Buying new cars is financial suicide but buying a used BMW or Mercedes is not a big deal. The real diference: young guys in condos probably don't have multiple sh!t factories to chaperone around so their lifestyles are entirely different than the majority servants of little people.

I often used Uber in Asia. The taxis at airports are scam artists especially for tourists and Uber drivers are like normal human beings who can carry a converstation besides trying to get commission. And their cars are clean.. You have to wait a bit longer for an Uber in Asia but it's worth it. Their prices are rock bottom even for Asia so I always tipped well. With the taxis you have to know the right price or you'll overpay.
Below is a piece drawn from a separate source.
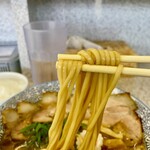 中華そば土屋商店 - 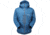 Montane Flux Jacket - Men's-Medium-Moroccan Blue/Graphite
Uber drivers definitely aren't making much if any money. If you already own the car and you have some time to kill, you could do it casually for a few extra $$. Why not? I think Uber prices will come up over time and that's fine. They are like loss leaders for now.


----------



## blin10 (Jun 27, 2011)

Rob Ford's Ghost said:


> The demographic buying them are into it for the badge. Why lease a new Accord or Camry at $300 a month when you can put a couple grand down and lease a BMW 3 Series, Mercedes C-Class or Audi A4 at $399 a month instead (sarcasm)? 'Luxury' carmakers are all about leveraging their status to get the middle-class into an entry-level model at an 'affordable' lease rate these days.


I'm sure for some that's the case but for many it is not buying into the badge. honda/toyota is not on the same level as bmw/benz/audi, same way as kia not on the same level as honda. So if you really like cars why not pay extra $100-200 a month for something that is better? Same way, why are you paying $300 a month for camry when you can pay $200 for a kia? I understand this is money saving forum, so there will be a lot of folks saying how all those young kids wasting money, but that's not always the case


----------



## peterk (May 16, 2010)

Related sidebar: For my 1 week holiday around Vancouver island this spring, should I rent a Ford Fusion for $330, a BMW 328ix for $540, or a Ford Escape for $480?
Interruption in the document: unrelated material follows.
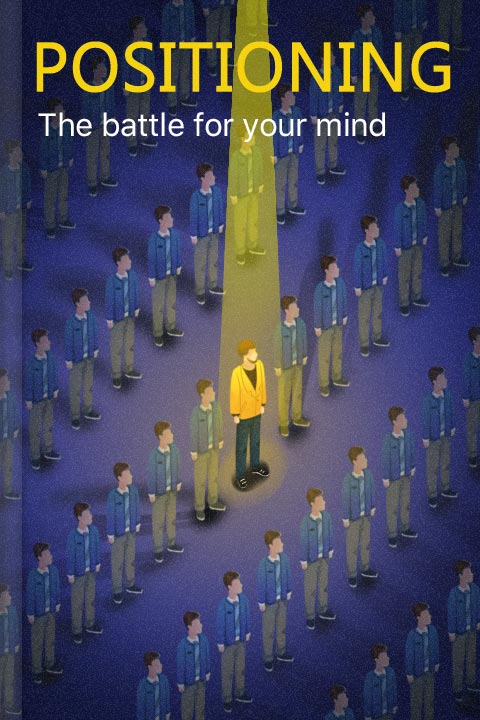 Positioning by Al Ries free audiobook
I've sensibly pre-booked the Ford Fusion already...but I'm really itching for that BMW, and also thought perhaps there'd be some adventurous gravel roads or off road paths to follow that the Ford Escape would allow more worry-free access to...


----------



## Janus (Oct 23, 2013)

peterk said:


> Related sidebar: For my 1 week holiday around Vancouver island this spring, should I rent a Ford Fusion for $330, a BMW 328ix for $540, or a Ford Escape for $480?
> 
> I've sensibly pre-booked the Ford Fusion already...but I'm really itching for that BMW, and also thought perhaps there'd be some adventures gravel roads or off road paths to follow that the Ford Escape would allow more worry-free access to...


It's a vacation, I'd say get the BMW if you envision doing some leisurely scenic driving. I'd suggest the Ford for someone going to NYC or Chicago, or better yet, no car.


----------



## jollybear (Jun 28, 2015)

james4beach said:


> I've asked many drivers in Seattle & Portland, and they say they really don't make ANY money driving for Uber. And yes there seem to be a lot of newish, nice looking cars. Many of the drivers are hispanic, middle eastern, or african.
> 
> These drivers tell me they make better money from Lyft, which has a better payment scheme and treats their employees better. So I only use Lyft and regular taxis myself.
> 
> *Rob Ford's Ghost*: by the way, I feel that your name is in bad taste. If one of your family members or close friends passed away, I doubt you'd want some guy on a message forum posting with your name. Consider deleting your profile and registering with a different name.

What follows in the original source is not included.